*Task to carry out:* The task calls for each record to be given again unchanged, minus any pictures.

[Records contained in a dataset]

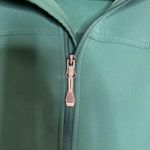 Black Diamond Teal Hard Shell Outdoor Gorpcore Ski Snow Zip Up Jacket Coat Photo 7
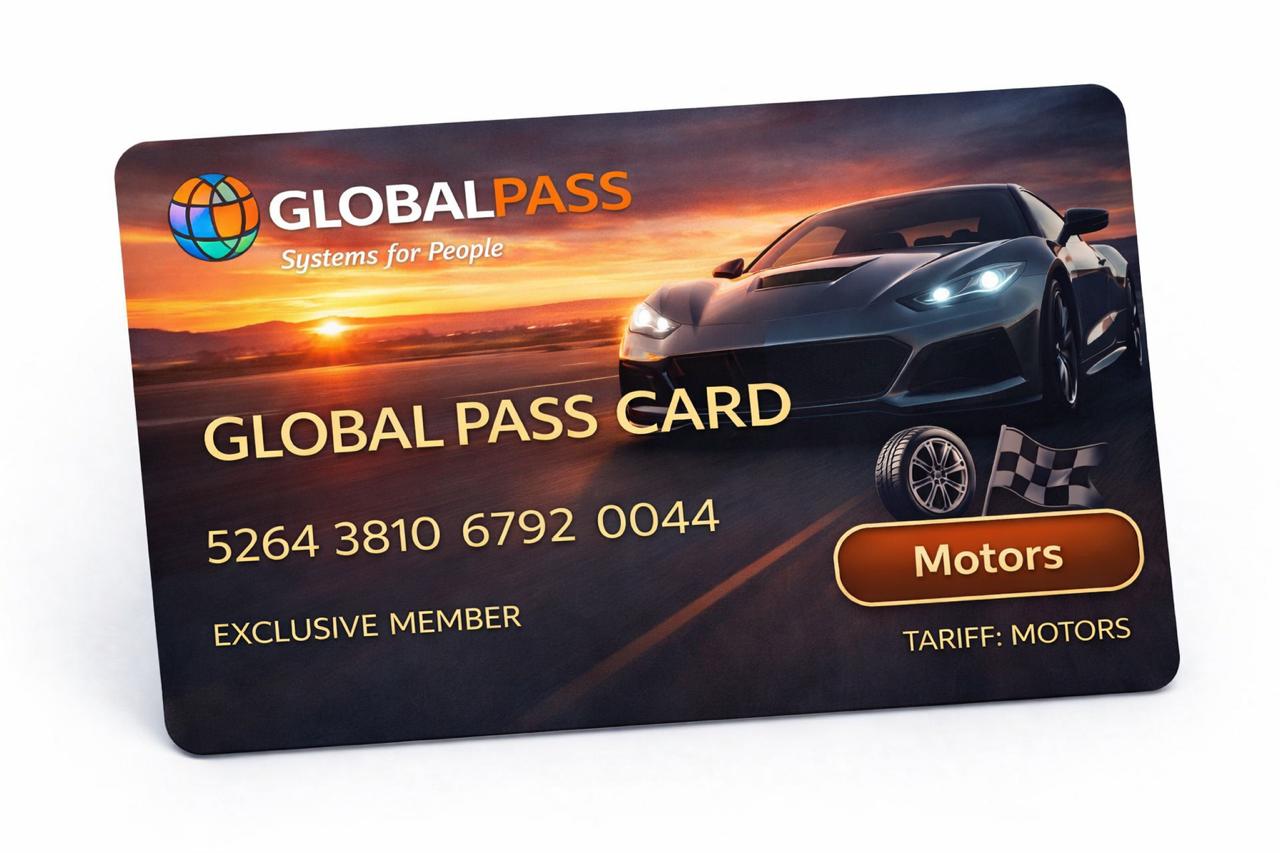 Global Pass Motors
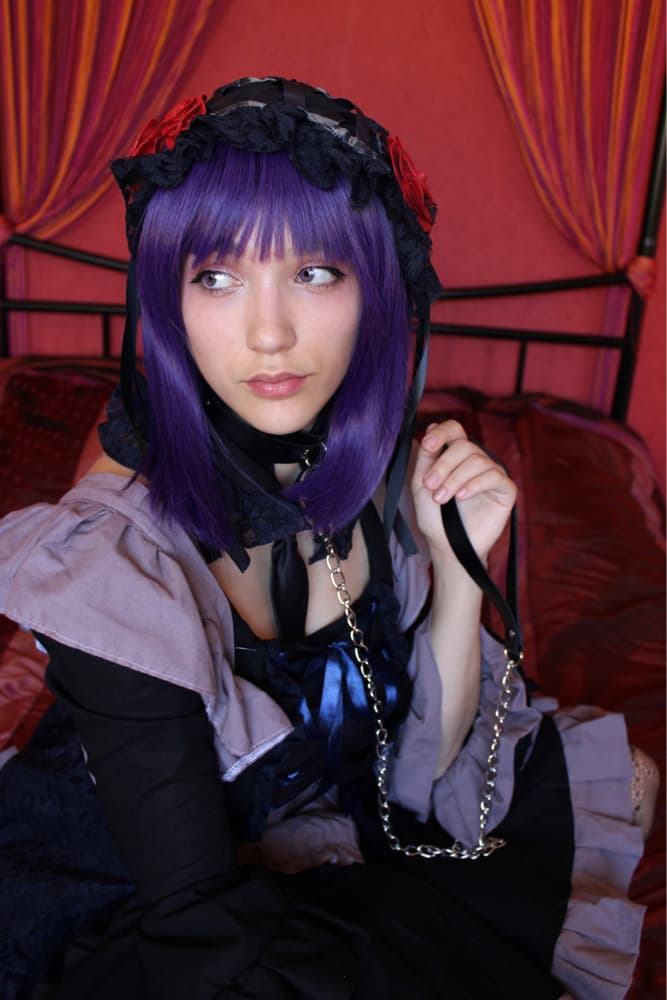 Shizuku Tan  - Photo 1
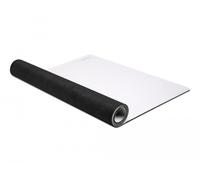Delock Tappetino per mouse 900 x 500 x 2 mm bianco - Nouvo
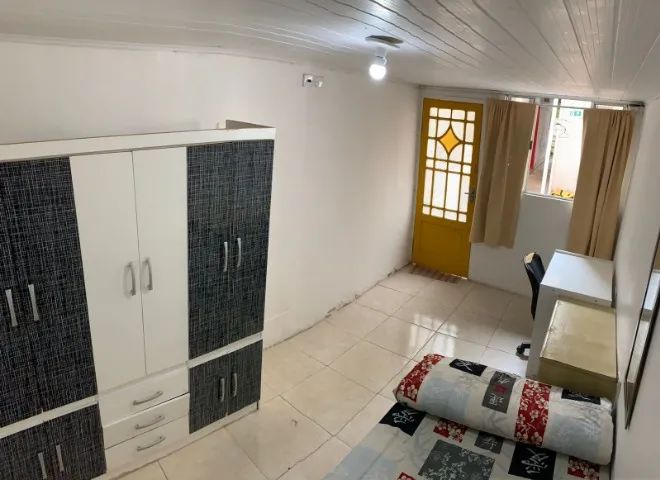 Quarto Grande no Tatuapé - Foto 3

*Problem solution:*
 Black Diamond Teal Hard Shell Outdoor Gorpcore Ski Snow Zip Up Jacket Coat Photo 7
 Global Pass Motors
 Shizuku Tan  - Photo 1
Delock Tappetino per mouse 900 x 500 x 2 mm bianco - Nouvo
 Quarto Grande no Tatuapé - Foto 3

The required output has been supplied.